* [Work instructions]:
Take from the entries below the stretch from the line with "Used 2022 Cadillac" through the line with "Image 2 : ROLLING OFFICE CHAIR", and return it exactly, leaving the pictures out.

* [Source material]:
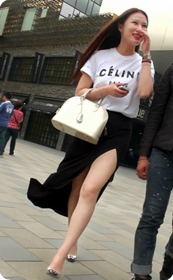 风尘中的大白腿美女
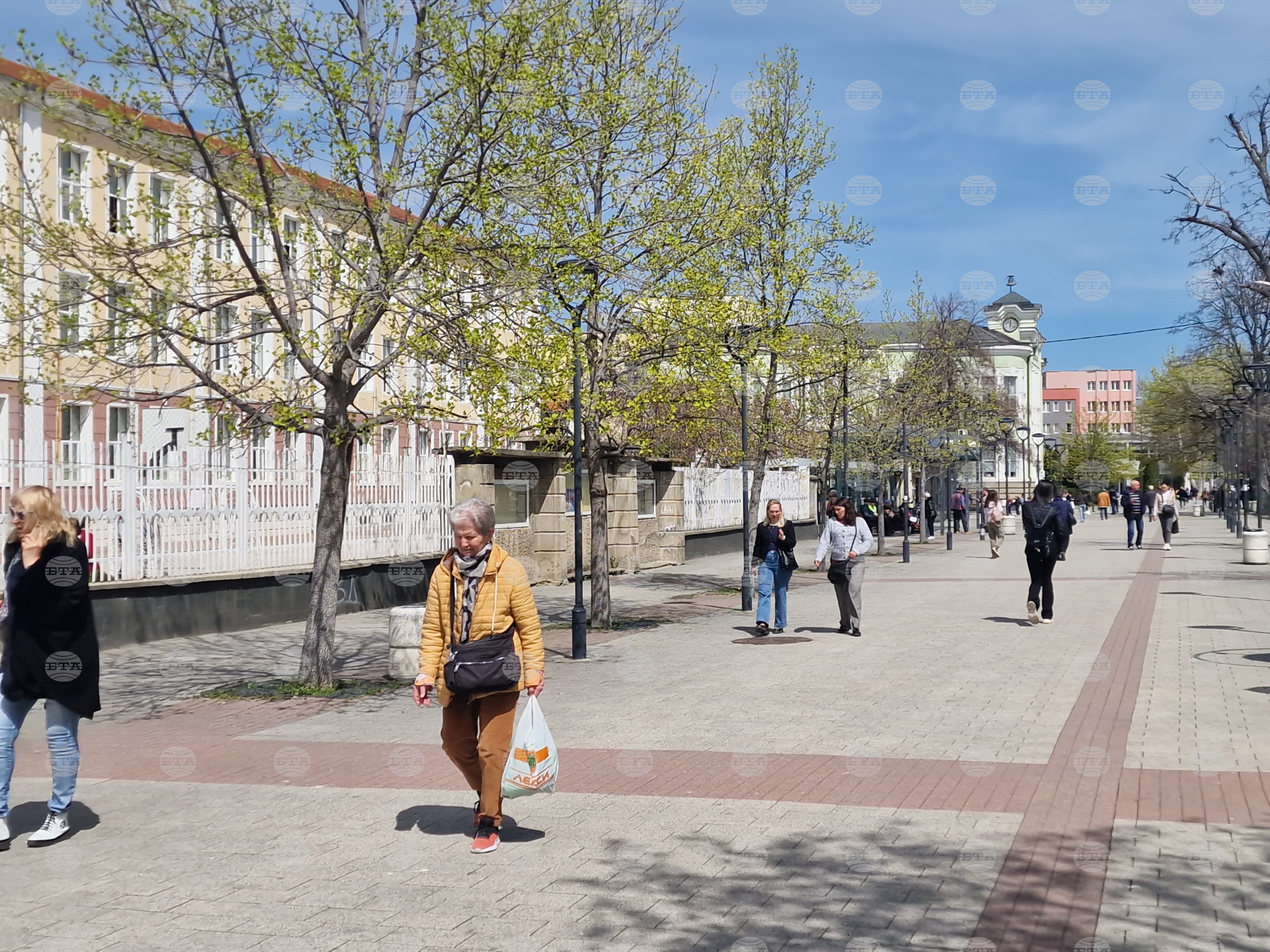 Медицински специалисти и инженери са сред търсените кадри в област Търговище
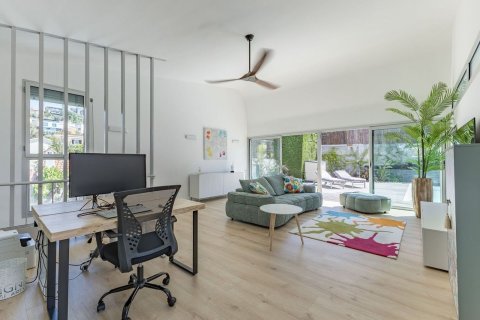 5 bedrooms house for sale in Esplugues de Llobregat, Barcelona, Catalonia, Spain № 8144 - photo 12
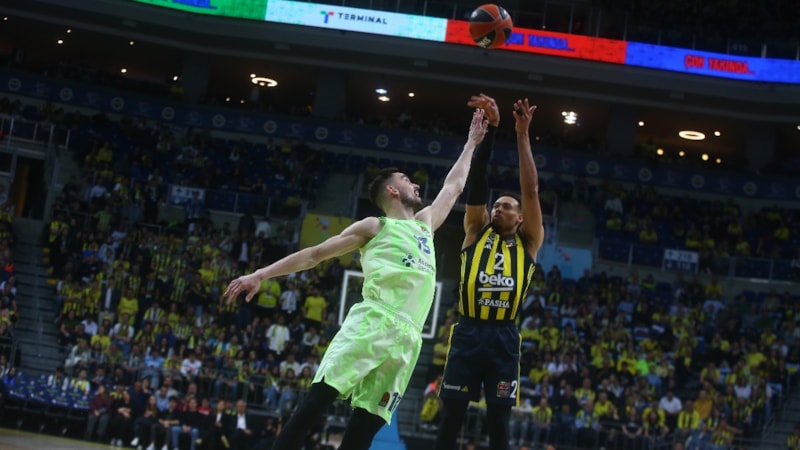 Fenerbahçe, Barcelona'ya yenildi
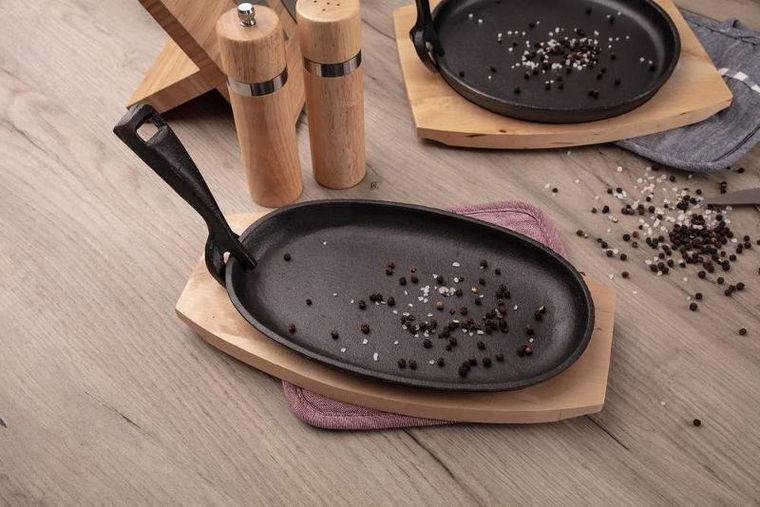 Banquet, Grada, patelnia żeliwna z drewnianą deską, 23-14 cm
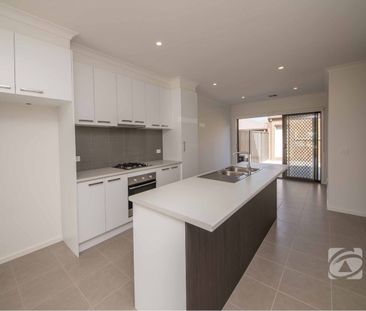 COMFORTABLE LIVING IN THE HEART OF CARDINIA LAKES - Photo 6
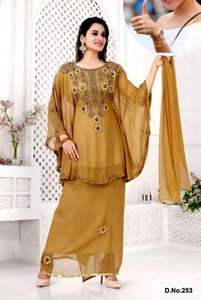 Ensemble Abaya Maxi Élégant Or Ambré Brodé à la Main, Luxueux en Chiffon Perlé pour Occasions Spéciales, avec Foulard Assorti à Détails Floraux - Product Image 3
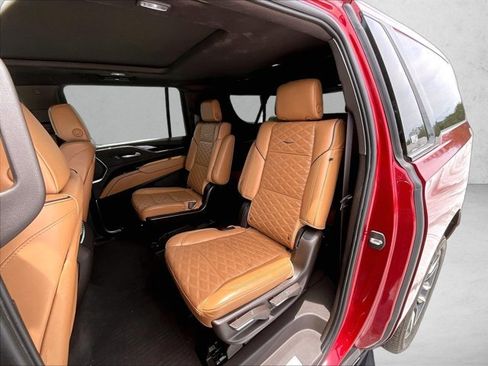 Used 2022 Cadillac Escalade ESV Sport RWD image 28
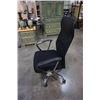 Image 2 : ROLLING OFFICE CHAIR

---

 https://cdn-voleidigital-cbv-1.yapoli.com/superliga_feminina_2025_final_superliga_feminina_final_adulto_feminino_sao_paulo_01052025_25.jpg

...

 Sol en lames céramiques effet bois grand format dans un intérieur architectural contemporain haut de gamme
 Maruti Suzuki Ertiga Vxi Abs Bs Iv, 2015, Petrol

* [Written answer]:
 Used 2022 Cadillac Escalade ESV Sport RWD image 28
 Image 2 : ROLLING OFFICE CHAIR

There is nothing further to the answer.